The challenges the youth of today face are multi-dimensional. In the disintegration of traditional societies which resulted primarily from colonial interventions, education is no longer viewed as a means to overcome poverty. According to the 2010-2011 regional overview of the UN International Year of Youth, 70 percent of the region’s population is under the age of 30, and slightly more than 20 percent were young people between the ages of 15 to 24, making Africa the world’s youngest continent. In spite of this, youth have largely been left out of the political, economic and social sphere of government decisions and feel that they aren’t heard or cared for. In a continent where the youth population is disproportional to the rest of the population, surely this is a problem government must prioritise. Throughout the continent, youth face similar challenges, and across borders youth organizations have chosen to look for innovative solutions to many of the problems facing our youth. What is lacking, however, is collaborative effort and communication between these organizations. Youth need to feel empowered; they need to feel they have a voice.
About two months ago I attended a TEDx Stellenbosch seminar in Stellenbosch, South-Africa, on the topic “What if Africa?” Alan Knott-Craig Jr., the CEO of Mxit (Africa’s largest mobile social network, developed in South-Africa in 2003), spoke on what social networks, specifically Mxit, have meant to the youth in South Africa. In his talk he highlighted how the youth view Mxit as an escape from their normal world and problems, and since Mxit is an anonymous social network, participants are free to be whoever they want to be. This feature rests on Mr. Knott-Craig Jr.’s belief that you are not free until you are free to be anonymous. Besides the problems and threats associated with this feature, Mxit has largely been instrumental in fostering a sense of community amongst the youth of all ages and ethnic groups. Even more, they have looked at what young people talk about in chat rooms and through this identified social problems needing urgent attention. This highly resourceful social network which allows users to interact freely and openly has created a virtual community that can be monitored by Mxit programmers and altered to the behaviour and needs of the users; a virtual society if you like. Through this platform, a lot has been learnt about what the youth talk and worry about an thus created a more productive surrogate community the youth belong to, replacing and/or addressing the need of young people to belong to gangs for a sense of community or brotherhood.

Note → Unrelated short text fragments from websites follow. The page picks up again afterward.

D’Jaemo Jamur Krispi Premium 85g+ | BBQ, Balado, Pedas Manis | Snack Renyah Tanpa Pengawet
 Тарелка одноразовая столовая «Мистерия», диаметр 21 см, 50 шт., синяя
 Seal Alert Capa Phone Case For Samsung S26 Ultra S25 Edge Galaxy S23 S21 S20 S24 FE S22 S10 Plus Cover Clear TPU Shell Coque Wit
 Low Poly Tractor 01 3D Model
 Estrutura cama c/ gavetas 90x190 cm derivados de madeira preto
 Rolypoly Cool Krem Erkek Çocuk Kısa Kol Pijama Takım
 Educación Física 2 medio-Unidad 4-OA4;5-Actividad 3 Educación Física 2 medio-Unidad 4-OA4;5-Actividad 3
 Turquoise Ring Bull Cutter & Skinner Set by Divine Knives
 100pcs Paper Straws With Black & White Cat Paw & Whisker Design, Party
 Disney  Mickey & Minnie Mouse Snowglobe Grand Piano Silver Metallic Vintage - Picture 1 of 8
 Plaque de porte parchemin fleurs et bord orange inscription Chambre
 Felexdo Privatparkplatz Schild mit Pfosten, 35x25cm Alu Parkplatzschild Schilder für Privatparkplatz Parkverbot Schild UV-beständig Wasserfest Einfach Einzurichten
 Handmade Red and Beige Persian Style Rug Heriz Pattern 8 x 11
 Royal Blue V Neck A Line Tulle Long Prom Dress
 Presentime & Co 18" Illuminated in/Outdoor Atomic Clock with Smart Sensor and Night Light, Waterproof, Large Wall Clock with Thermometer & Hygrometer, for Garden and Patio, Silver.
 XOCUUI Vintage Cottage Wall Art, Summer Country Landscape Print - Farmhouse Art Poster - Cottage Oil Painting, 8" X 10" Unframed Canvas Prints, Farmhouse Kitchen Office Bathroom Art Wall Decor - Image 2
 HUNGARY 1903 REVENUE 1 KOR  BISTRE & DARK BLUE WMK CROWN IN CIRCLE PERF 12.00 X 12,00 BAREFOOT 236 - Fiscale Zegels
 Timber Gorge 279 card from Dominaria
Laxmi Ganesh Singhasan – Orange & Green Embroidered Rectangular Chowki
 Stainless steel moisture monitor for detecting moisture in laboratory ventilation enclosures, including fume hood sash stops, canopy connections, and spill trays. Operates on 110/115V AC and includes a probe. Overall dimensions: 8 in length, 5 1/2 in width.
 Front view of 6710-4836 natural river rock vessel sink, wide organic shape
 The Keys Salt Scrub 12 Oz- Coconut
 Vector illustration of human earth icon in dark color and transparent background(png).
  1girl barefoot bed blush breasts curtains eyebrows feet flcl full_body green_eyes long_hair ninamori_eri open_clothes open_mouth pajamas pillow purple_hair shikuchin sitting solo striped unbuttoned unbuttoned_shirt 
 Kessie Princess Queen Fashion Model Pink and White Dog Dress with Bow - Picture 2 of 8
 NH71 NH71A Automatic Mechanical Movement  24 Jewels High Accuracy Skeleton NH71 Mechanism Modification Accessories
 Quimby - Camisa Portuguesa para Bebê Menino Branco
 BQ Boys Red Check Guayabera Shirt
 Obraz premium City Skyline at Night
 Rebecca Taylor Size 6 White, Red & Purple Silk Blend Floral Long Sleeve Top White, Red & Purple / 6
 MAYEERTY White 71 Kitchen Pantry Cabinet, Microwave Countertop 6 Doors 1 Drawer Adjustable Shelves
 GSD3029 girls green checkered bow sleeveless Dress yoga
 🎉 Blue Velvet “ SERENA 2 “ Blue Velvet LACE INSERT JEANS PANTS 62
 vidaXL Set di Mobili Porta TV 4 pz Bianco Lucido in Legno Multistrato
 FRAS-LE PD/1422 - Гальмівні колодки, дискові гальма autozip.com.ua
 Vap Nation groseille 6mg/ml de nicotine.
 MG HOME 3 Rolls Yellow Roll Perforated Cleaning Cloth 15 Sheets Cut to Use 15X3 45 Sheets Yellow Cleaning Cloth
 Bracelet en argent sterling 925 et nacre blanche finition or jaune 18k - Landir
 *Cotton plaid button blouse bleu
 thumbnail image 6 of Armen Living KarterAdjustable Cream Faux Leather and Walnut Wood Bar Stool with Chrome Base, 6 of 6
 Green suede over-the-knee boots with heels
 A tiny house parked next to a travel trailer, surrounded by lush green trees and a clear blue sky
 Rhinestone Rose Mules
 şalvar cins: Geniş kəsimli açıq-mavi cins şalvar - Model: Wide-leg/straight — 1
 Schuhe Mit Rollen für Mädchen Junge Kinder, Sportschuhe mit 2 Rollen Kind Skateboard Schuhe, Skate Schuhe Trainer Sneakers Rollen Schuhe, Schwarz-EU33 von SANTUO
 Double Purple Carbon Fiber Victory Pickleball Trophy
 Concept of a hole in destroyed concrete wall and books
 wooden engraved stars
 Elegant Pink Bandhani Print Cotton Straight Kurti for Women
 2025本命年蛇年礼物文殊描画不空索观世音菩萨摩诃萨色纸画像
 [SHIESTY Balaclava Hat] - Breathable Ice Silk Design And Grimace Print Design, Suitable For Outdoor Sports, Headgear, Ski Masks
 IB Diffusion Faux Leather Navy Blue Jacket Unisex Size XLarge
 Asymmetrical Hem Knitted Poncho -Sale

Now imagine a social network like Mxit being created to cater to the youth all across Africa. Outside of the proportion of the youth living in object poverty, almost every teenager or young (wo)man has a mobile phone today. Mobile technology is vast in Africa and the youth understand the language of mobile, but sadly our governments do not. What if it government were to take initiatives like these seriously and start investing in social media to hear the voice of the youth, using platforms such as Mxit to prioritise problems needing to be addressed among the youth? What if social media could be expanded throughout Africa in order to create a virtual community where youth from different parts of Africa could interact? Think about what the youth could learn and teach one another, and what insight government could gain from such interactions.
It is often said “African problems, need African solutions.” Well here is an African solution that has been staring us in the face for at least a decade. Mobile social media is one of the ways forward to give voice to the youth in our continent. I am not advocating for the sole use of Mxit, but use Mxit only as an example to illustrate a point. I am certain, as Mxit has sparked wide dialogue amongst the youth across South-Africa, that in a similar way other technologies/social media can be utilised to create a platform for youth to interact and “chat” about some difficulties they face wherever they are. Similarly youth programs or organizations can communicate and collaborate to address these social ills. We as Africans are extremely resourceful and innovative in our daily lives; why not channel this creativity to technologies and bridge the social divide between our countries? And in so doing, create collaborative networks that can build a better and brighter future for the youth of today. There are indeed African solutions to African problems in Africa, but these solutions aren’t getting the attention and investment that they need.